Mobiliteitsadviesgesprek Een gesprek van medewerker met de Mobiliteitsadviseur,
waarin medewerker advies kan inwinnen over het te kiezen begeleidingsbureau en nadere afspraken worden vastgelegd met betrekking tot keuze voor een ondersteunend bureau, afspraken met dit bureau en eventuele (bij)scholingsactiviteiten.
Mobiliteitsadviseur Door NDC aangestelde of aangewezen persoon die tijdens
de begeleidingsperiode belast is met het onderhouden van de contacten met de boventallige medewerker, de begeleidingsbureaus en de Begeleidingscommissie.
Nieuwe functie Een functie die vóór de reorganisatie nog niet voorkwam binnen de organisatie.
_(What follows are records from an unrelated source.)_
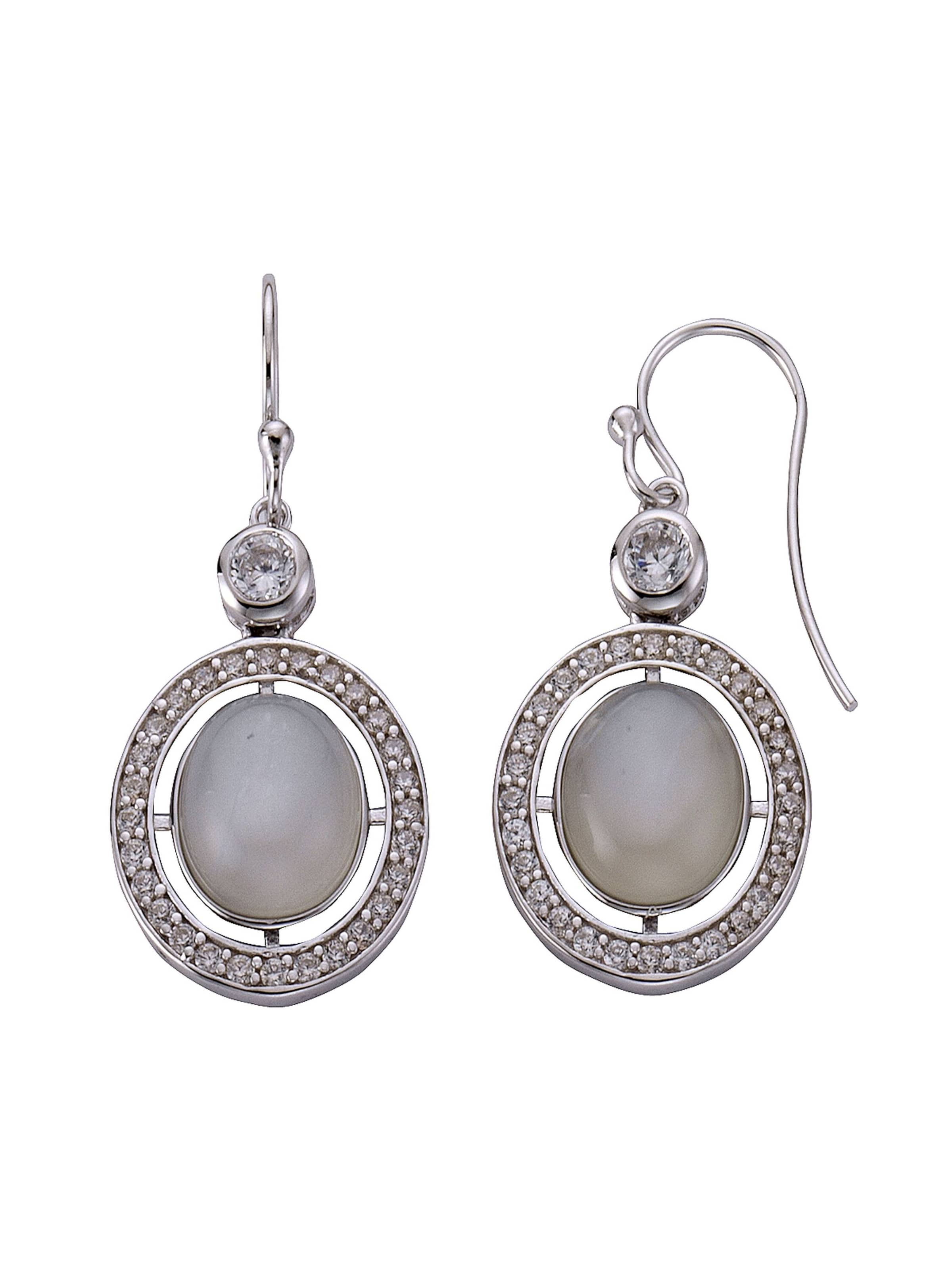 Zeeme Earrings in Silver: front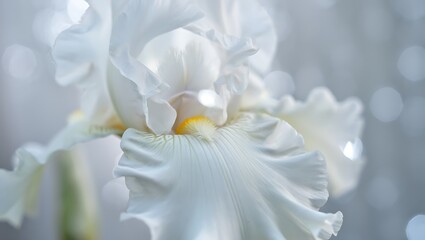 Obraz premium Elegant White Iris Flower Bloom Close-Up Macro Photography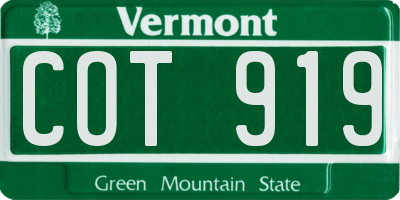 VT license plate COT919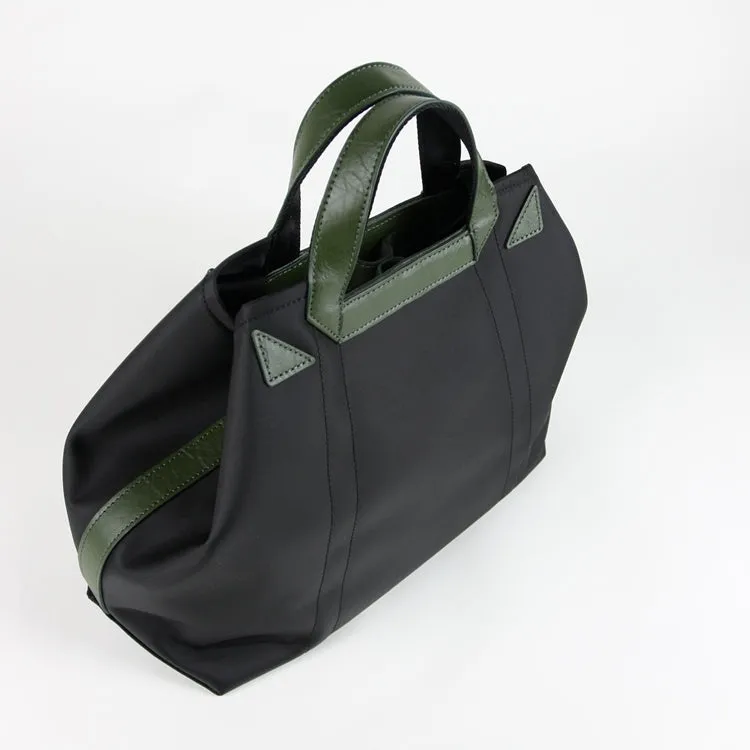 Navy Womens Nylon Handbag Totes Navy Womens Nylon Leather Shoulder Tote Purse for Ladies Seasonal Highlight Feminine Look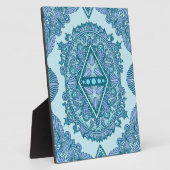 Plaque Photo Diamant bleu Mandala (Côté)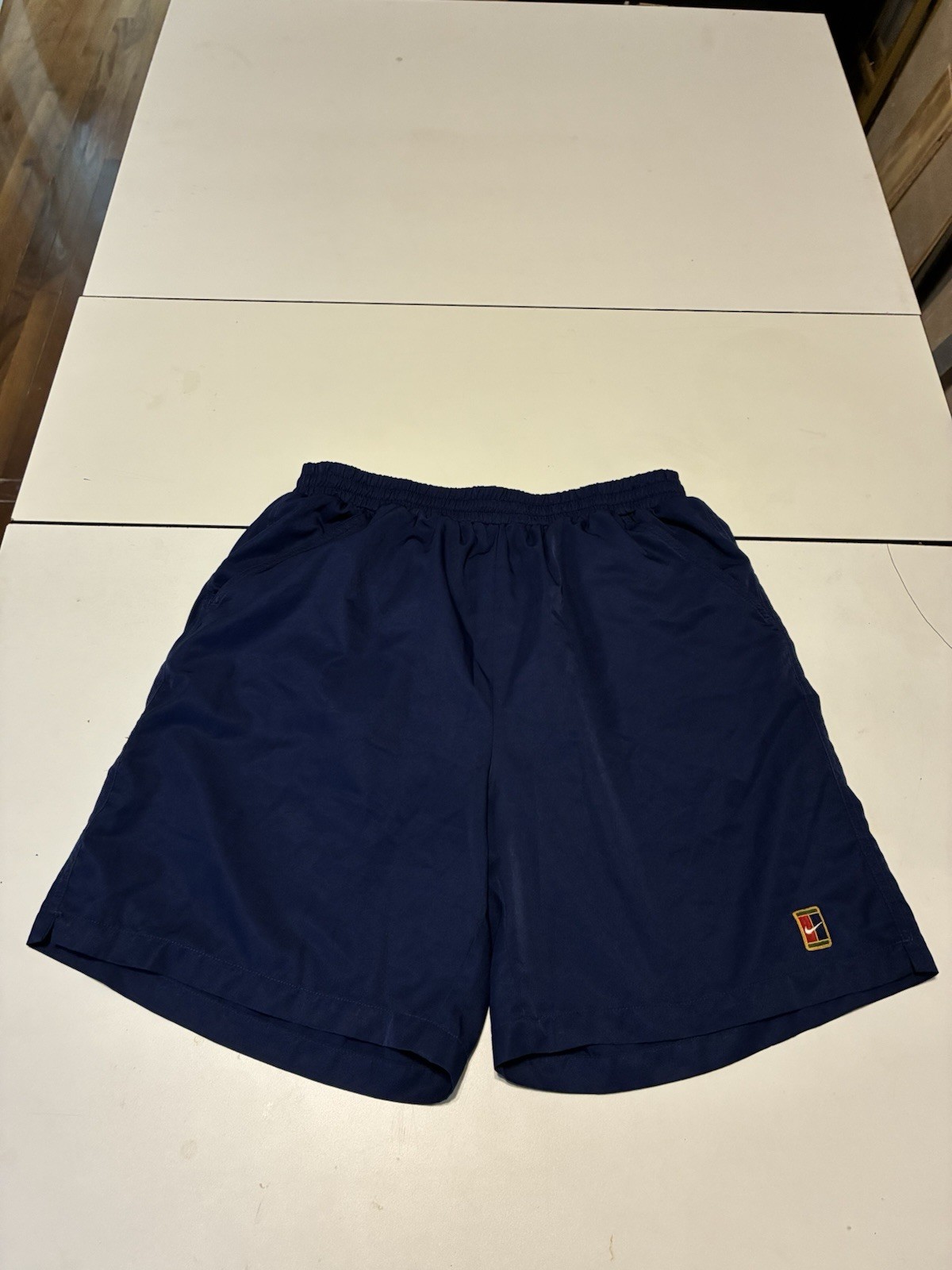 Vintage Nike Challenge Court Shorts Medium Navy Tennis Andre Agassi 7" Inseam 90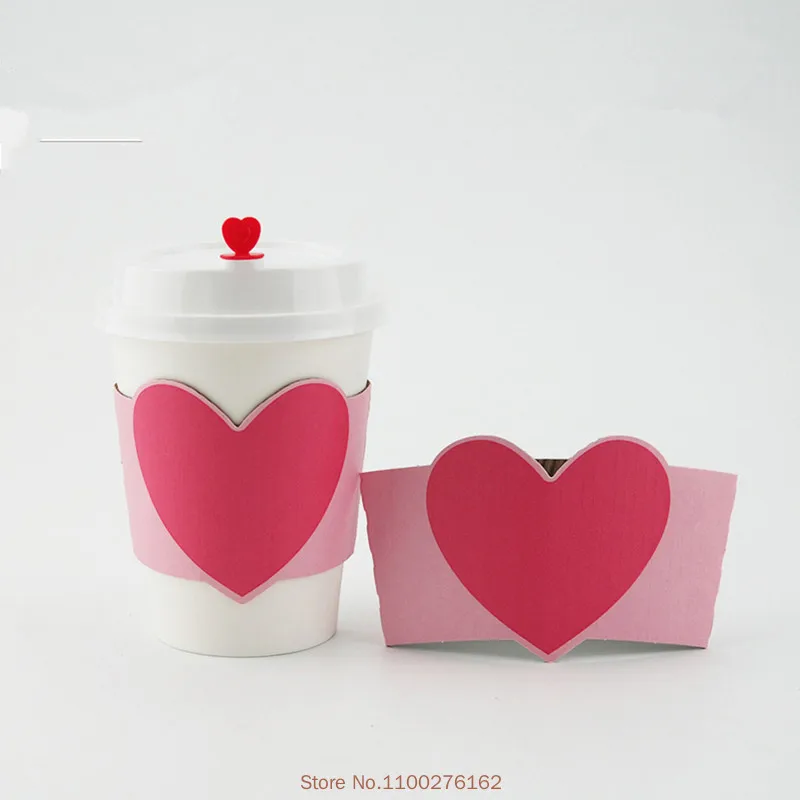 

100pcs High Quality Heart Shape Kraft Paper Insulated Cup Cover 400ml 12oz Disposable Coffee Tea Cold Hot Drink Cups with Lids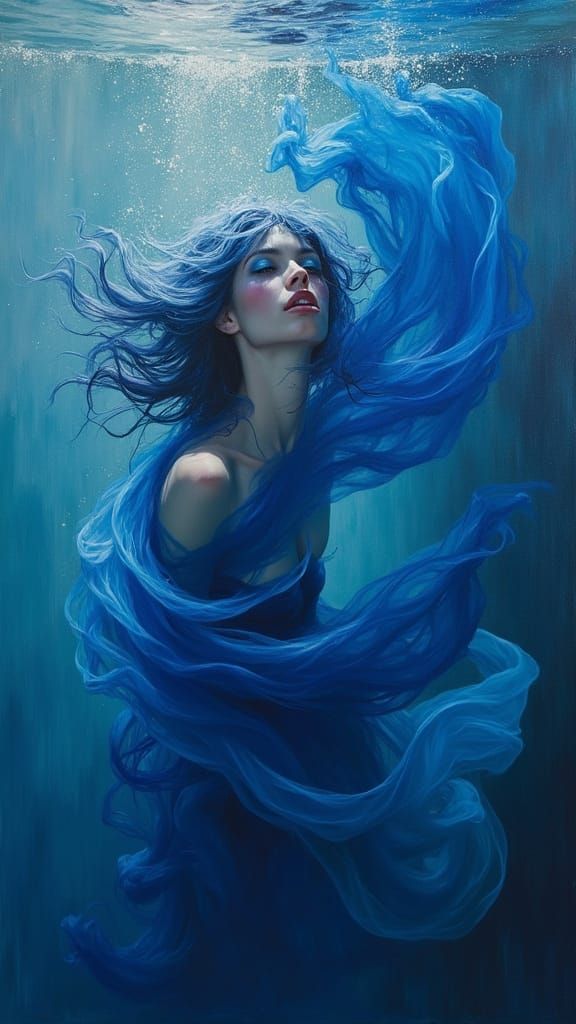 Ethereal Woman Underwater in Hyperrealistic Oil Painting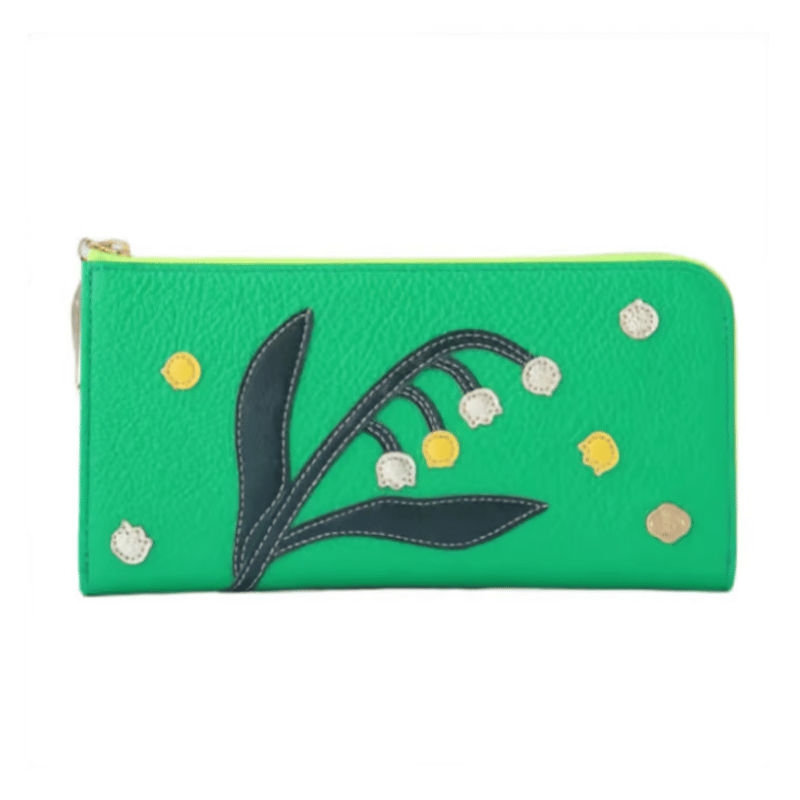 FIORAIA財布 スズラン / green スズラン / ミドルファスナーウォレット/ 各色 ｜アップリケ財布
NDC NDC mediagroep BV of een van haar dochtermaatschappijen en bedrijven waarbij een van deze hier genoemde besloten vennootschappen ten minste 50% van het aandelenkapitaal bezit.
Onmisbaarheid De individuele medewerker kan, gelet op zijn individuele
` bijzondere kennis of bekwaamheid, niet worden gemist voor de continuïteit van de werkzaamheden, conform Ontslagbesluit en Beleidsregels Ontslagtaak UWV.
Ontslagbesluit Regeling van de Minister van Sociale Zaken en Werkgelegenheid voor het UWV hoe moet worden gehandeld bij aanvragen voor collectief ontslag op grond artikel 1, lid 2, van het Buitengewoon Besluit Arbeidsverhoudingen (BBA).
Opzegtermijn De opzegtermijn zoals bedoeld in artikel 7:672 Burgerlijk Wetboek.
Passende functie Een functie die op hoofdlijnen overeenstemt met de arbeidsduur, ervaring, capaciteiten en competenties van de betreffende medewerker of waarvan vaststaat dat de medewerker zich de functie binnen zes maanden eigen kan maken, die structureel onderdeel uitmaakt van de organisatie en die is ingedeeld in een vergelijkbare schaal met de huidige schaal van medewerker of één schaal lager.
Peildatum Datum van de start van de formele reorganisatie. De datum waarop de directie besluit tot uitvoering van een reorganisatie of organisatieverandering. Deze datum is bepalend voor de afspiegeling en andere maatregelen uit dit Sociaal Plan.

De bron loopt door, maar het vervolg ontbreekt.